» **DATA RECORDS**

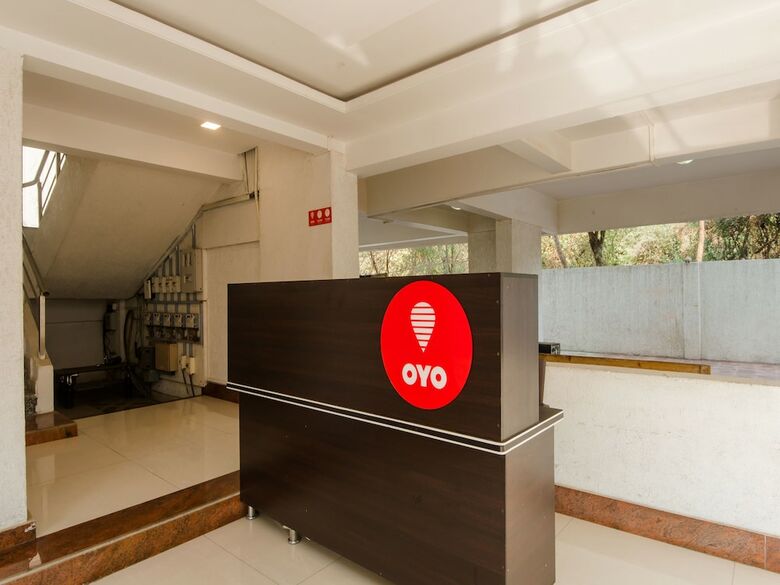 Hotel Oyo 11951 Vatsala Suites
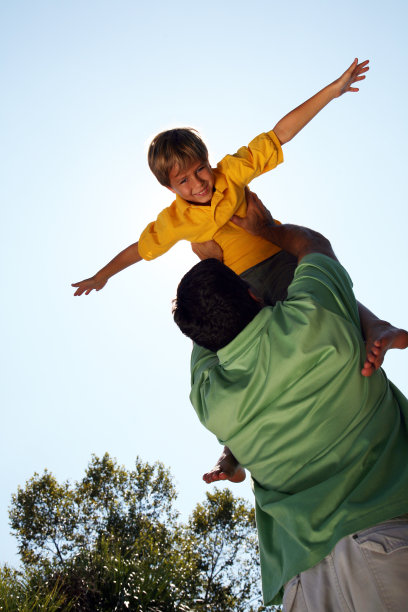 父亲将儿子举在空中图片下载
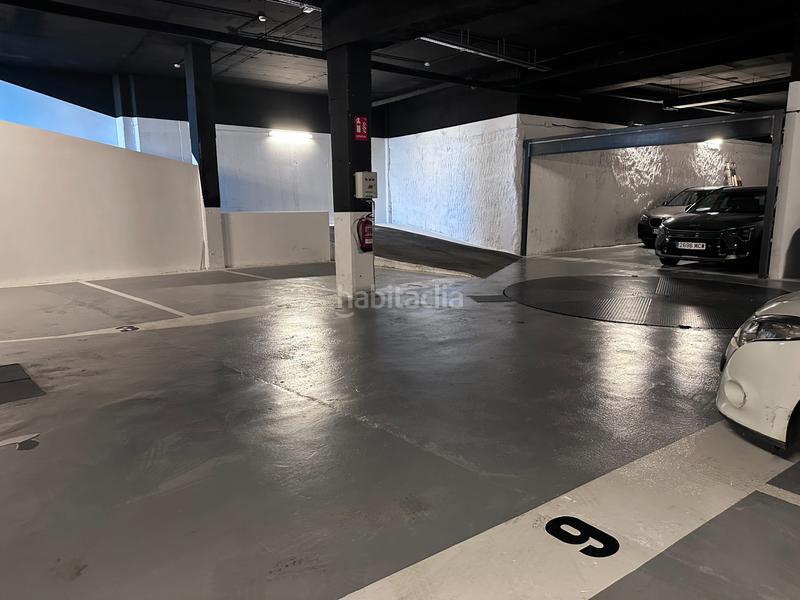 Foto 8b978993-135a-400e-be14-b6186a7b5934. Autoparkplatz in Centre Badalona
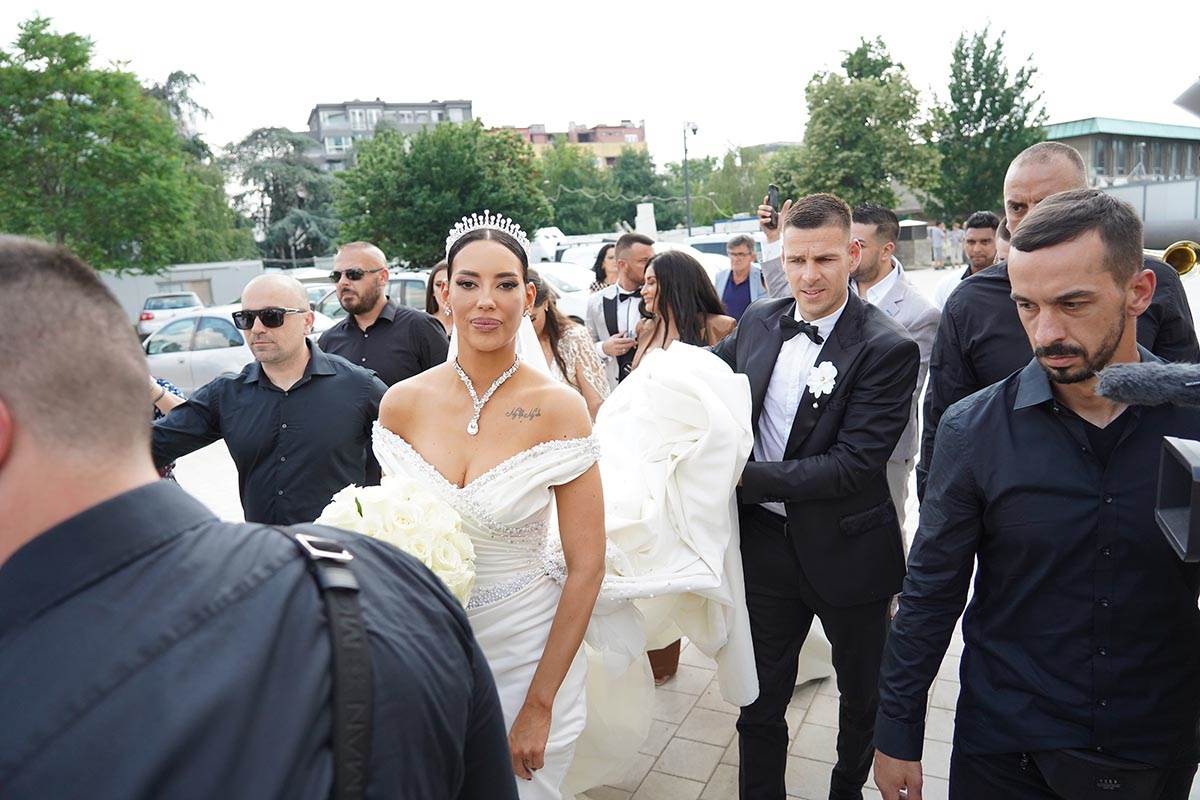  Katarini Grujić gost doneo praznu kovertu na venčanje 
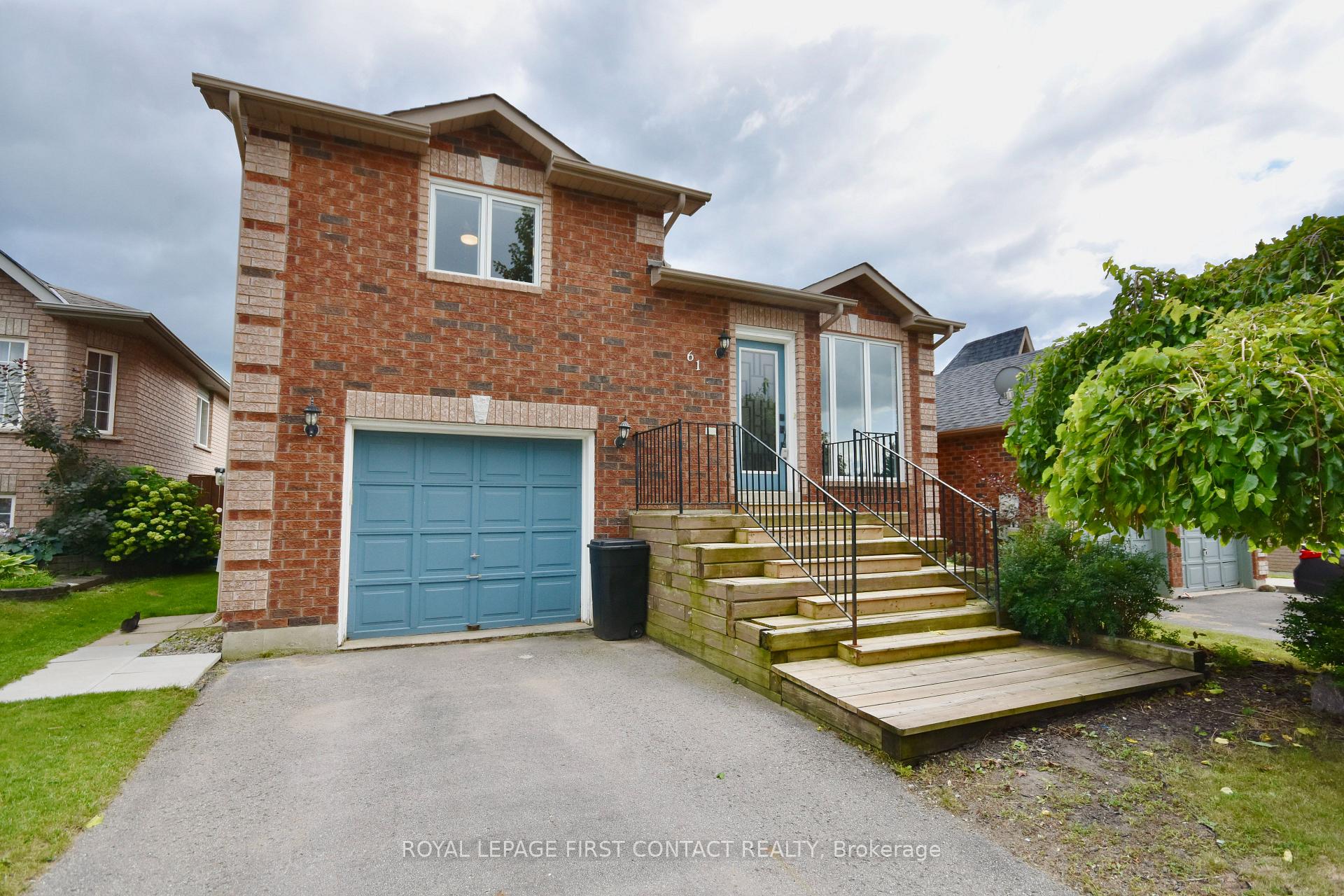 Photo 2 of 61 Holly Meadow Road, Barrie, Holly — HOMEH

» **EXERCISE PROMPT**
Transcribe every record above exactly, leaving out the pictures.

» **WRITTEN RESPONSE**
 Hotel Oyo 11951 Vatsala Suites
 父亲将儿子举在空中图片下载
 Foto 8b978993-135a-400e-be14-b6186a7b5934. Autoparkplatz in Centre Badalona
  Katarini Grujić gost doneo praznu kovertu na venčanje 
 Photo 2 of 61 Holly Meadow Road, Barrie, Holly — HOMEH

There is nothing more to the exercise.